Three E-Commerce Retail Trends We Are Seeing In 2019

Three E-Commerce Retail Trends We Are Seeing In 2019

Three E-Commerce Retail Trends We Are Seeing In 2019

Amazon wants to be the marketplace, for everyone and everything. And it seems to be working. So should you even build an e-commerce store of your own, when Amazon already provides one for you? For some smart brands, the answer is clearly a resounding “yes.”

Amazon is Big, with Even Bigger Headaches  

Amazon is the new Sears, but with a big twist: there’s less regulation than you think. Because of its amazing growth, it has become the wild west of the global marketplace, with bad actors using ruthless tactics, and small businesses left with few options for recourse. According to an article on Verge about the dangers of the Amazon marketplace,

“For sellers, Amazon is a quasi-state. They rely on its infrastructure — its warehouses, shipping network, financial systems, and portal to millions of customers — and pay taxes in the form of fees. They also live in terror of its rules, which often change and are harshly enforced.”  

So, while most brands who sell products (and soon, services) probably need Amazon to be part of their distribution channel mix, the reality is that they need experts in guiding them to get to the top of the search results, and to stay there. These experts, lawyers, and Amazon enforcement issues cost a lot of money—dollars that could be spent on other distribution channels instead.

A Both/And E-Commerce Strategy

 So, while many retailers are already on Amazon, the smart ones are hedging their bets by investing deeply in their own customer-centric websites and user journeys. Casper, Huel, and a host of other well-known brands are playing in both areas: their Amazon pages are mimicking the information of their websites and using it for the conversion part of the sales cycle, while their websites provide a more tailored approach to the user, both in terms of information, as well as social proof (e.g. user reviews).
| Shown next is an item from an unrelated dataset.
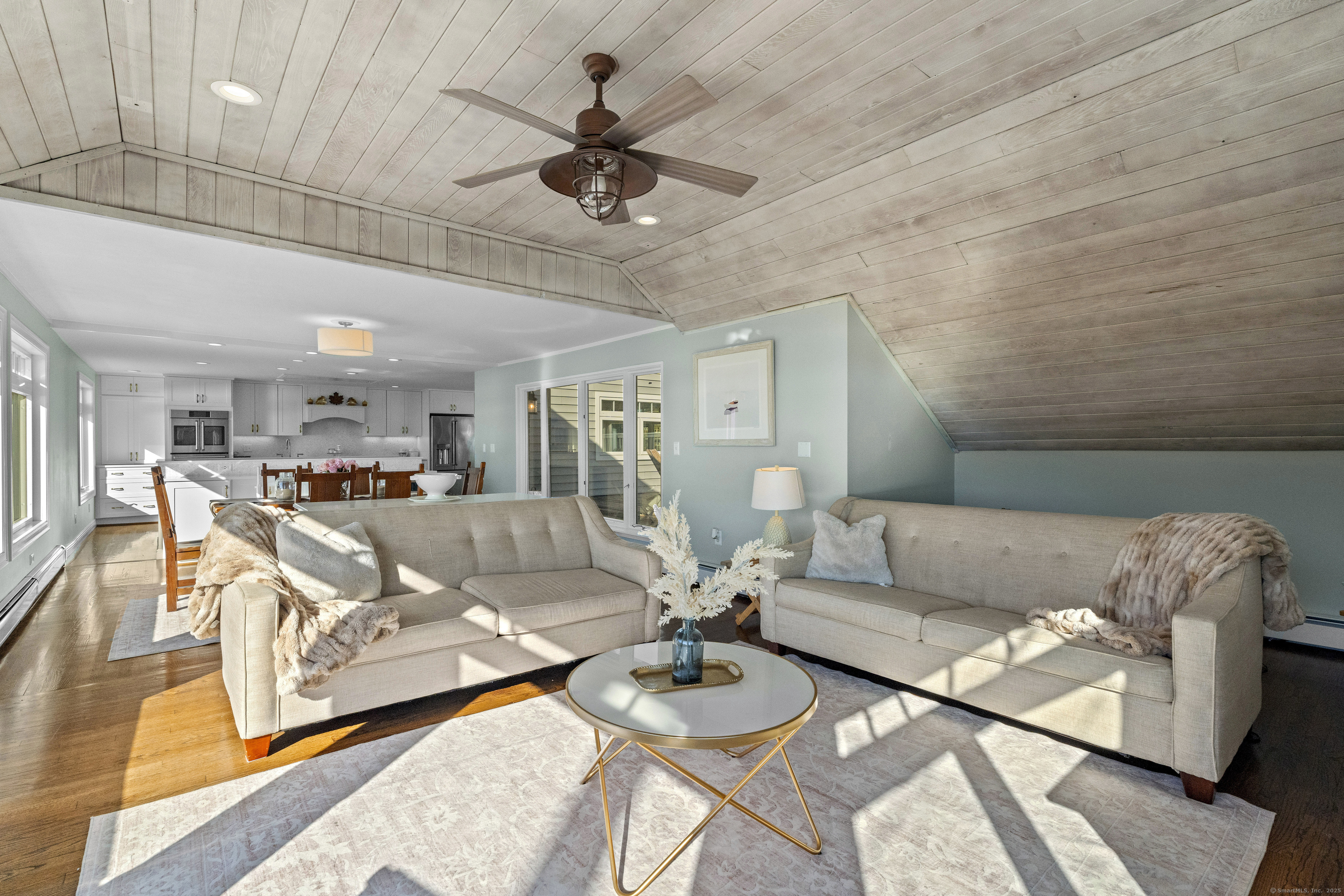 21 Harbor Street Branford CT 06405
Why? They don’t want to be limited by Amazon’s highly controlled pricing and inventory structure, a review system that can be easily gamed (see above article), or being exposed to the dark underbelly of that marketplace. How do they get it done? They invest heavily in their brand message, creative, compelling content, and nailing down a customer-centric journey from ad content to purchase.

As seen below, Casper’s strategy was to launch with their website-only sales funnel first, and then branch out to Amazon as a secondary source. The Casper website has 10x the amount of user reviews, as well as richer informational content than could ever be on Amazon. To make things easier on the conversion facet of their website, they match their mattress prices to Amazon, as well as the free shipping and return policy. Organically, people know that it is no different buying from their site as opposed to purchasing it on Amazon. Knowing Amazon’s fee per sale, we can deduce that they are making much lower margins selling on Amazon, but because they are on there, we also know that it is still an important distribution channel for them.
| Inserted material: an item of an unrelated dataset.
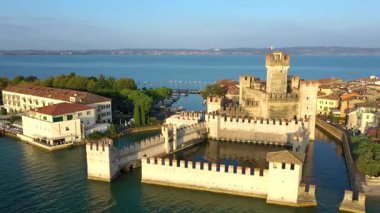 Kale Sirmione lake Garda, İtalya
Focus on the Lifetime Value of a Customer, Rather than First Purchase

Huel has a different approach. Huel sells their meal replacement products on Amazon, but they only sell their starter kit there. There is no option for Amazon’s “Subscribe and Save,” as they want the monthly customer to buy their additional products directly from the Huel website. To entice the user even further, Huel’s pricing strategy rewards customers for buying from the site to begin with. As seen below, their website pricing is significantly lower than it is on Amazon, and, like Casper, they match the free shipping option of Amazon Prime.

In this example, Huel is using Amazon in what we refer to as a defensive flanking strategy. How do we know that? Just look at the search results for “Huel” on Amazon:

If it weren’t for their sponsored ad (and extra ad dollars to have the coveted “Amazon’s Choice” ribbon), they wouldn’t show up at all on the first row. Their organic search result on the second row would be surrounded on all sides by the Soylent products. We can safely assume that the margins for Huel on their site are the same (or even better) than their margins on Amazon, even with the sizable delta in product price, considering the ad investment. Their “website-subscription-only” sales strategy is guided by their focus on the lifetime value of the customer (LTV), rather than the initial sale.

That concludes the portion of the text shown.